È il poeta romantico simbolo della cultura slovena, colui che con una sola raccolta poetica riuscì a dare alla letteratura slovena una dimensione europea, e quello che contribuì al risveglio della coscienza nazionale, tanto che alcuni versi della sua lirica più celebre, il Brindisi, sono divenuti l'inno sloveno nel momento in cui il Paese ha acquistato l'indipendenza. Un nome, quello di France Prešeren, nato nell'anno 1800 a Vrba, nell'Alta Carniola, e morto nel 1849 a Kranj, per i lettori italiani in buona parte ancora tutto da scoprire. Ne offre l'occasione la bella traduzione delle Poesie a firma dello slavista Miran Košuta uscita per l'Editoriale Stampa Triestina (2020), un volume che si segnala anche per il ricco corredo critico e la scelta di proporre testo originale e versione italiana a fronte.

Lo sforzo del professor Košuta, slovenista che insegna all'Università di Trieste e appassionato mediatore fra la cultura slovena e quella italiana, è stato quello di coniugare fedeltà contenutistica e rispetto delle caratteristiche stilistiche e formali della raccolta, l'unica pubblicata in vita da Prešeren, nel 1846 (ma con la data del 1847).

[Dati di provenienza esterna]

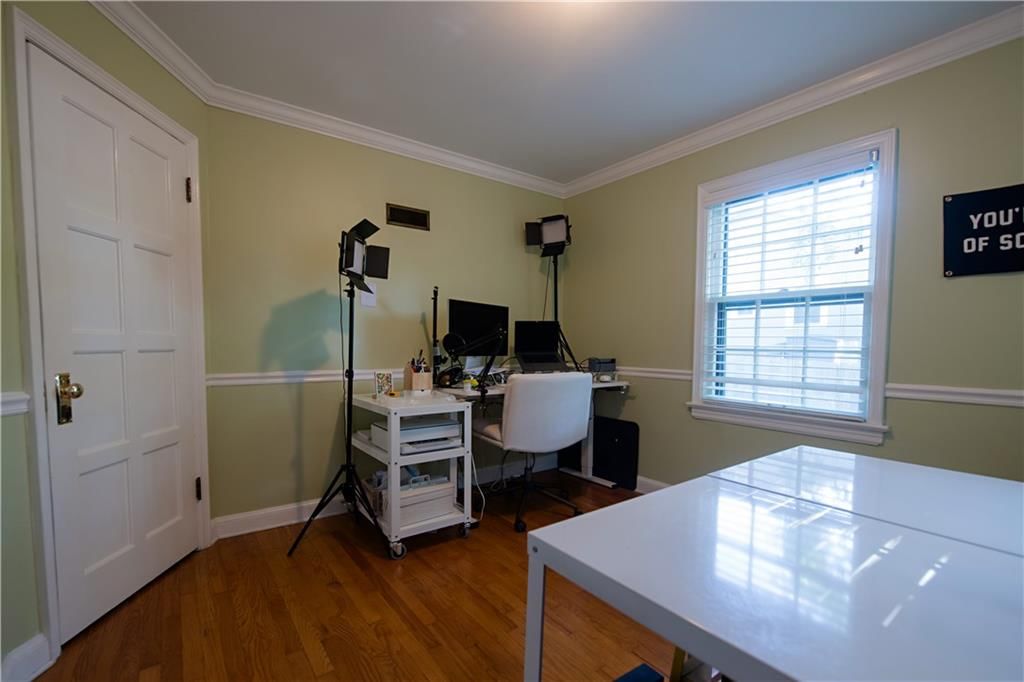 7214 Grand Avenue — photo 15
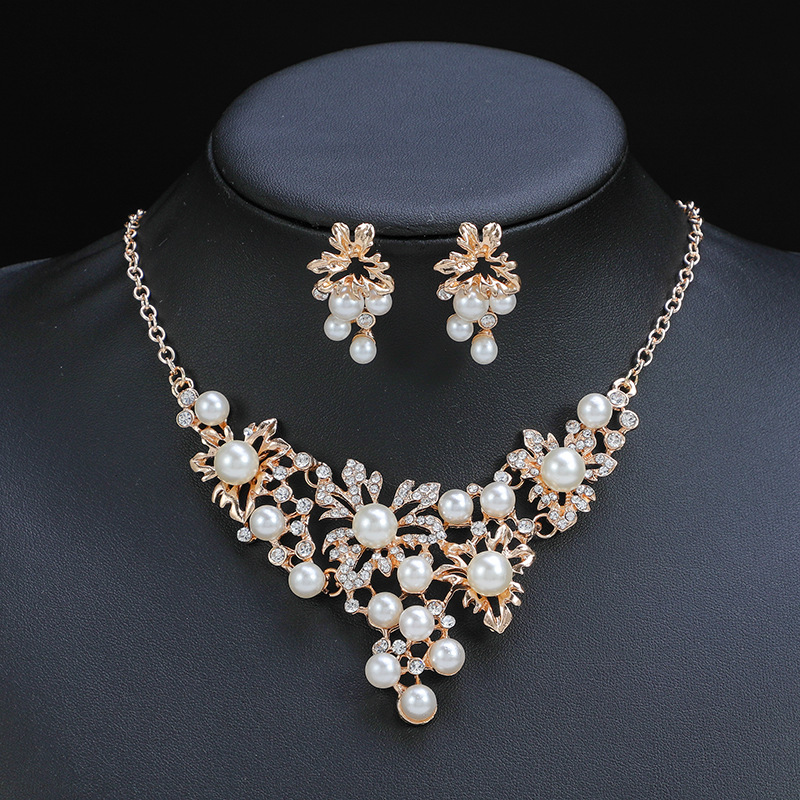 Royal Style Necklace Vintage Pearl Jewelry Set thumbnail 3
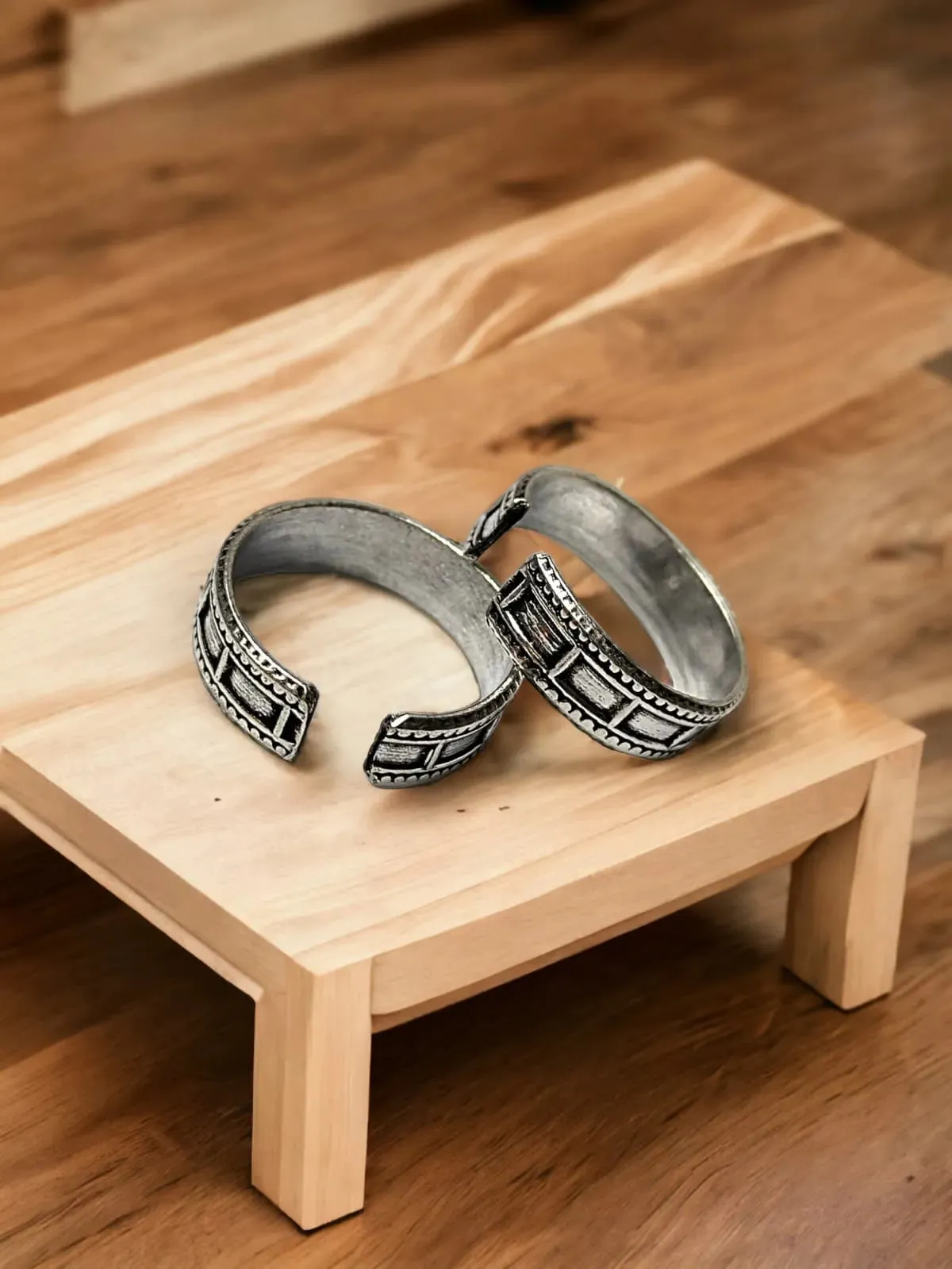 Saanvi Silver Oxidized Toe Rings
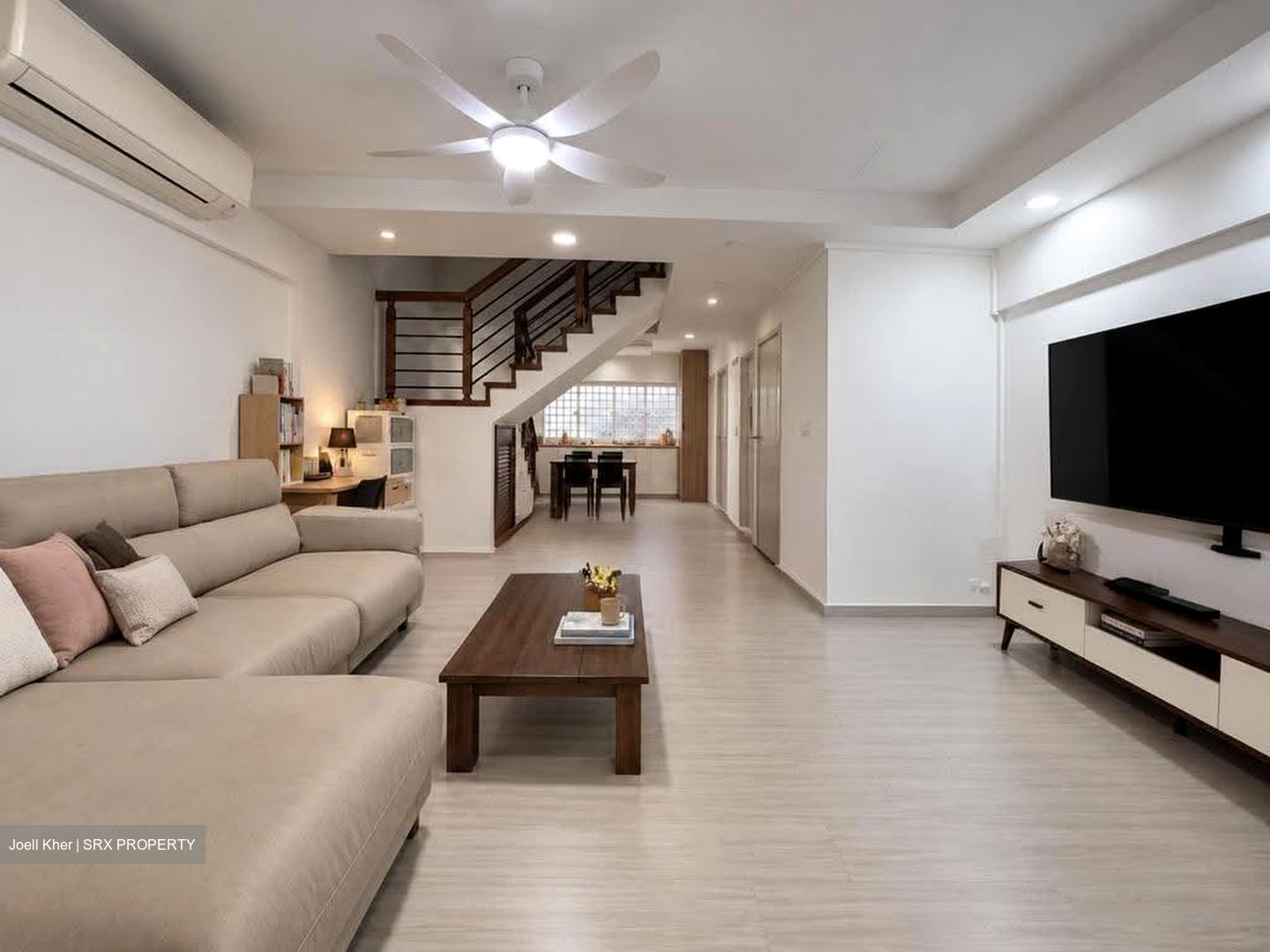 Blk 323 Jurong East Street 31 (Jurong East), HDB Executive #637202671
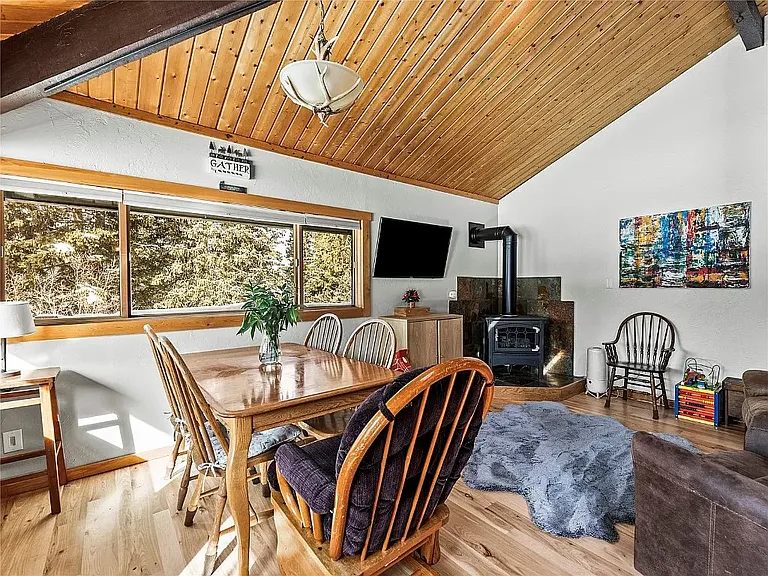 202 Doris Dr — Photo 16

Impresa tutt'altro che facile, come il docente triestino ha raccontato a Radio Capodistria, in primis per la difficoltà di rendere in italiano "quelle rime - sono parole sue - che già Montale considerava più noiose delle Dame di San Vincenzo", oppure "l'acrostico del Serto di Sonetti o il ritmo endecasillabico del poemetto Battesimo alla Savica".

L'edizione italiana a cura di Miran Košuta è la terza dopo le traduzioni di Francesco Husu del 1976 e di Giorgio Depangher del 1998.

Oggi la presentazione a Capodistria, nella prestigiosa sede di Palazzo Pretorio (ore 19), un appuntamento programmato da lungo tempo dagli organizzatori, ma che la situazione sanitaria aveva finora impedito di realizzare.